Ever since the vigilante Mignighter struck out on his own (see the recently wrapped solo title Midnighter also by Orlando) he hasn’t been having the best go of single-hood that you’d imagine or expect from a cat who’s packing a heck of a six-pack and an even more charming roguish attitude. Admittedly, by end of that series’ run, and a couple of pretty harrowing knock-down drag-out fights, including several capers that had him teaming up with none other than Dick Grayson aka Nightwing. Obviously you can’t keep a good man down — though many have tried — and the dark finally saw the light as Apollo returned!

Now this dynamic duo (the comparisons between Batman and Superman aren’t going unnoticed) are back together again, fighting crime and winning hearts as the DC Universe’s most out-loud and proud gay super heroes.

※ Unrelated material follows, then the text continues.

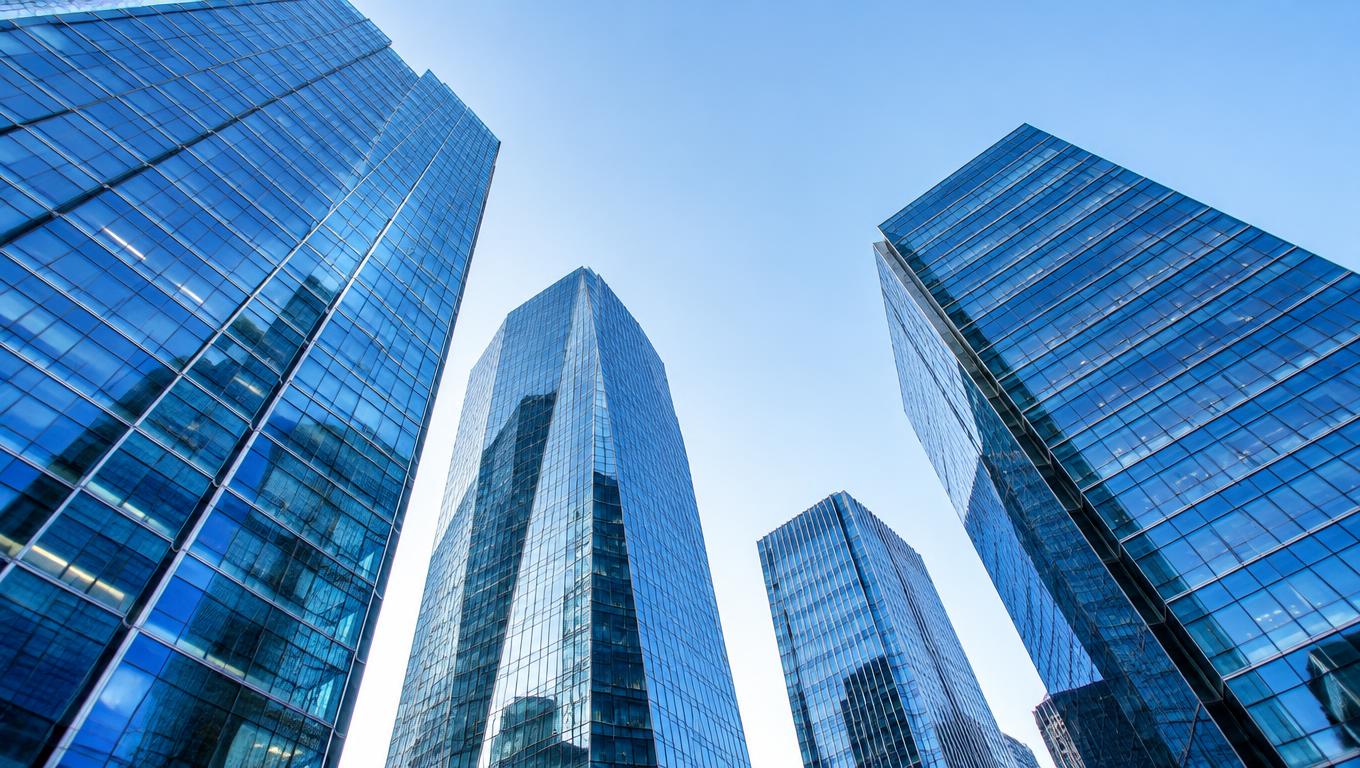 Modern glass corporate towers viewed from below in daylight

It appeared that the two heroes had struck the most perfect of balances. Apollo has come to terms with the Midnighter’s penchant for kicking bad guy ass. For someone has powerful as Apollo, whose powers would rival those of perhaps the Man of Steel’s, killing is not an option. Where the Midnighter prefers to strike down his enemies with his own brand of justice, he understands and never underestimates Apollo’s restraint. Grateful that the two, after several break-ups are now rallying to make their way as a couple, trouble is still looming darkly round every corner for these two. Though that’s just another day and night for this pair.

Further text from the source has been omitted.